» **THE PROBLEM**: Output only the lines below that start at the line containing "Ketting Flower and" and end at the line containing "Home Gym Folding", with both ends kept.

» **INPUT MATERIAL**:
=== Section Start ===
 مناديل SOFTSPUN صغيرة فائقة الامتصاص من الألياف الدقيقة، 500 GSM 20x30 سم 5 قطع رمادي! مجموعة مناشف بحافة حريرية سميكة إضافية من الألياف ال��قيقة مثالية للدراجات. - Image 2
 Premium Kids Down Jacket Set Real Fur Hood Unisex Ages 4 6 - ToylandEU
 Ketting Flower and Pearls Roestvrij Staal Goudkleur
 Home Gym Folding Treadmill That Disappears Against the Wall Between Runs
=== Section End ===
=== Section Start ===
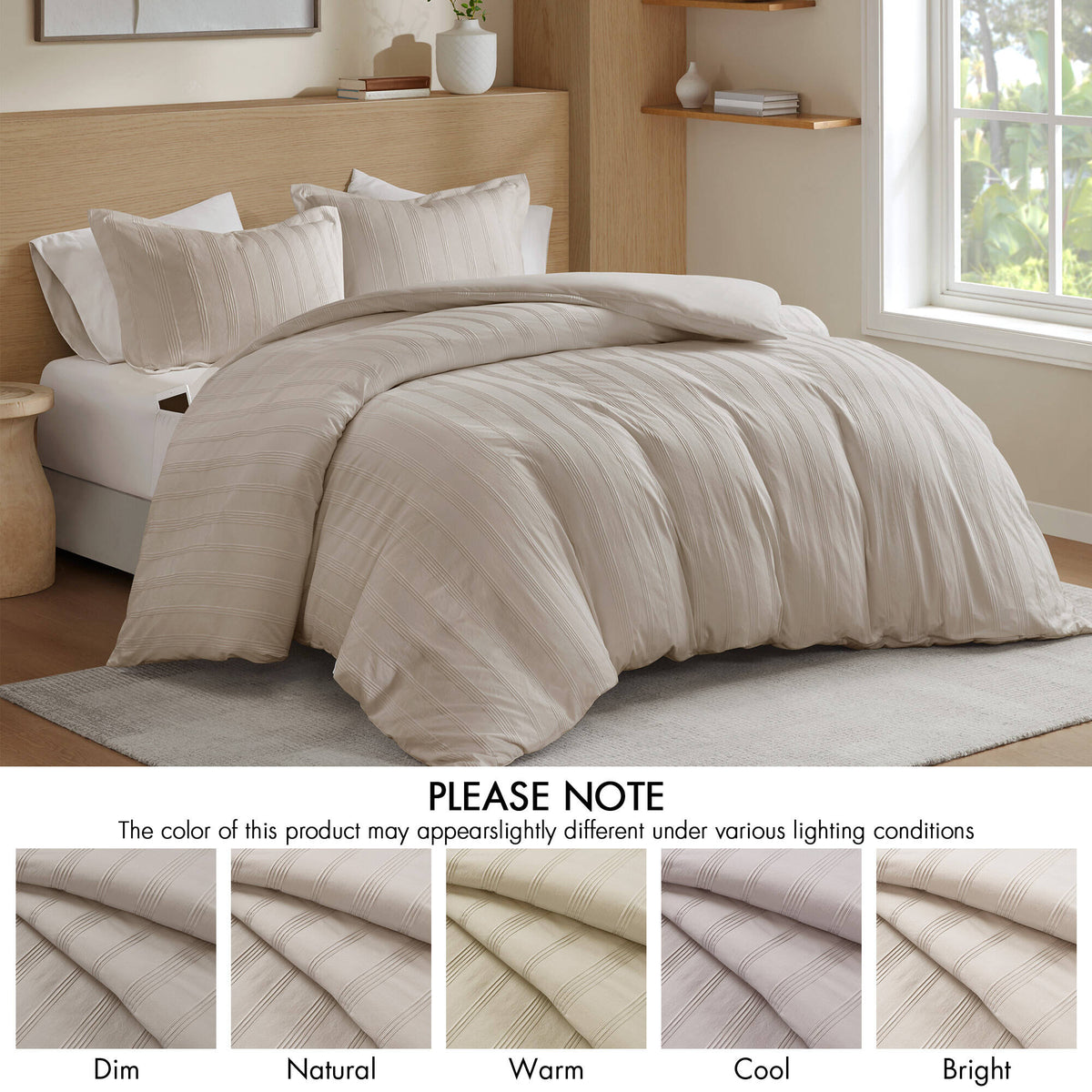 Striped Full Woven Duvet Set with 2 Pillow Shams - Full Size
=== Section End ===
=== Section Start ===
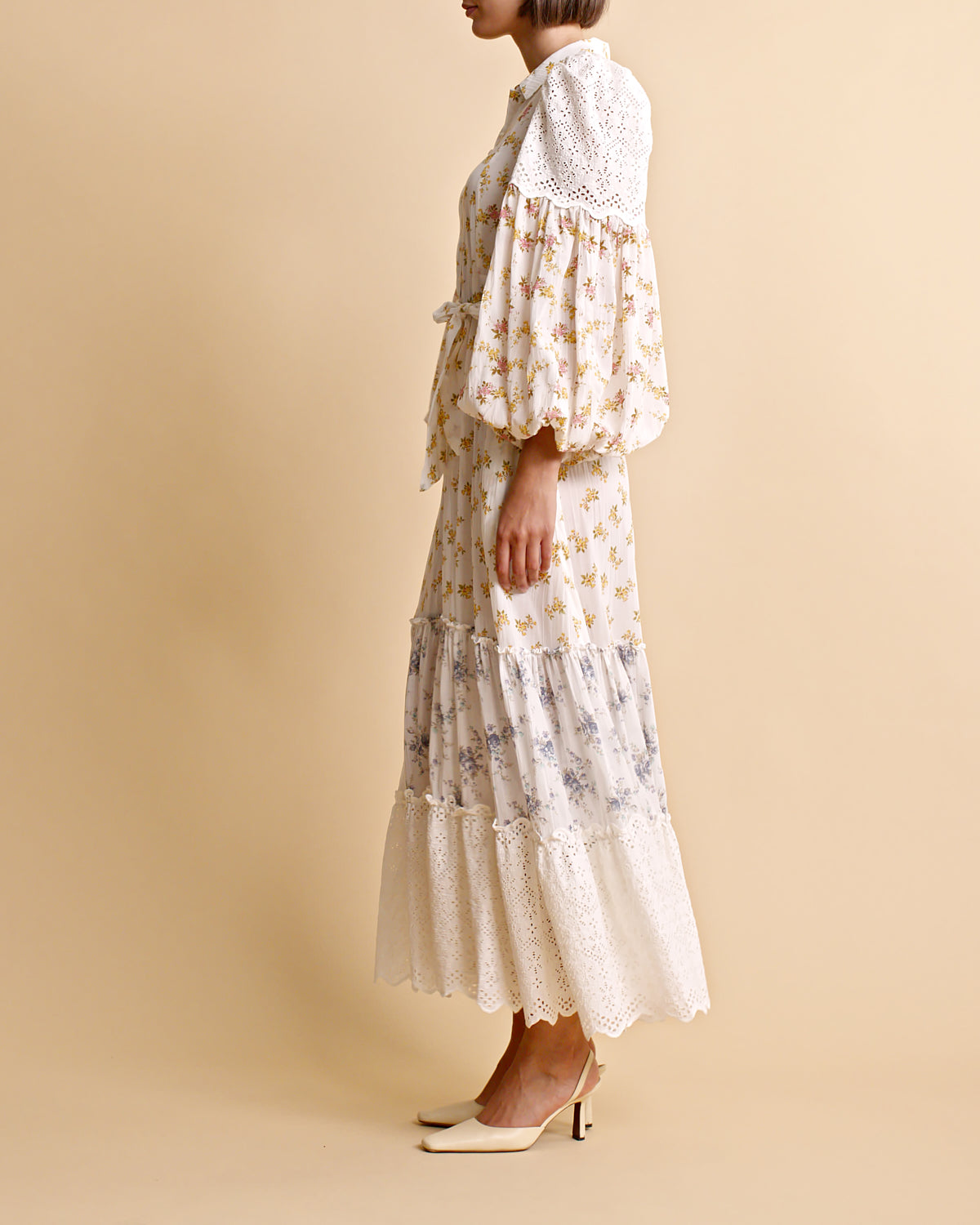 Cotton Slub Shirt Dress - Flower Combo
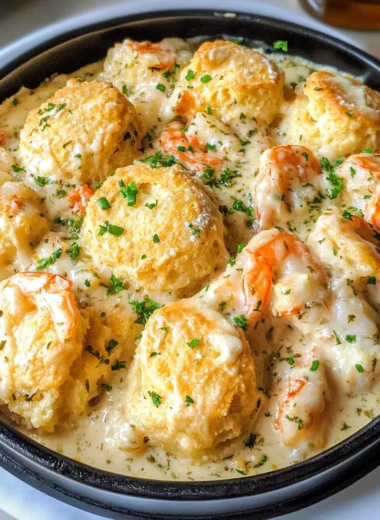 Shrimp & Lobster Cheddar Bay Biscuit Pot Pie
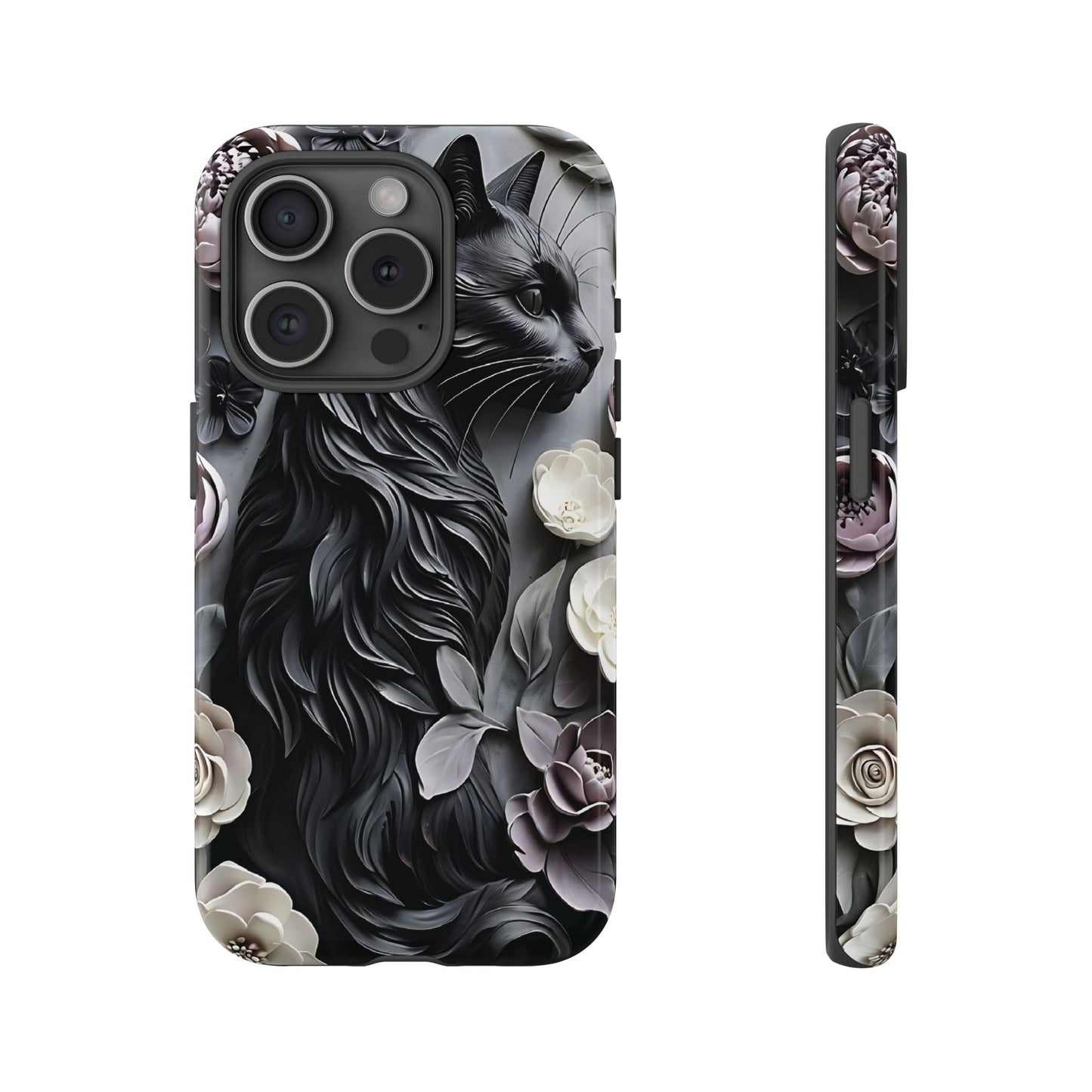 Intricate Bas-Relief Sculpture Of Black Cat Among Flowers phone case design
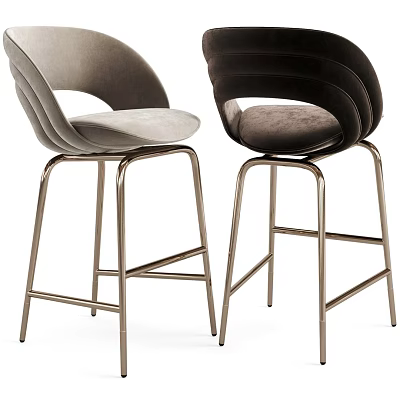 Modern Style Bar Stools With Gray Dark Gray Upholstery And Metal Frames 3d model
=== Section End ===
» **RESPONSE FOR THIS EXERCISE**:
 Ketting Flower and Pearls Roestvrij Staal Goudkleur
 Home Gym Folding Treadmill That Disappears Against the Wall Between Runs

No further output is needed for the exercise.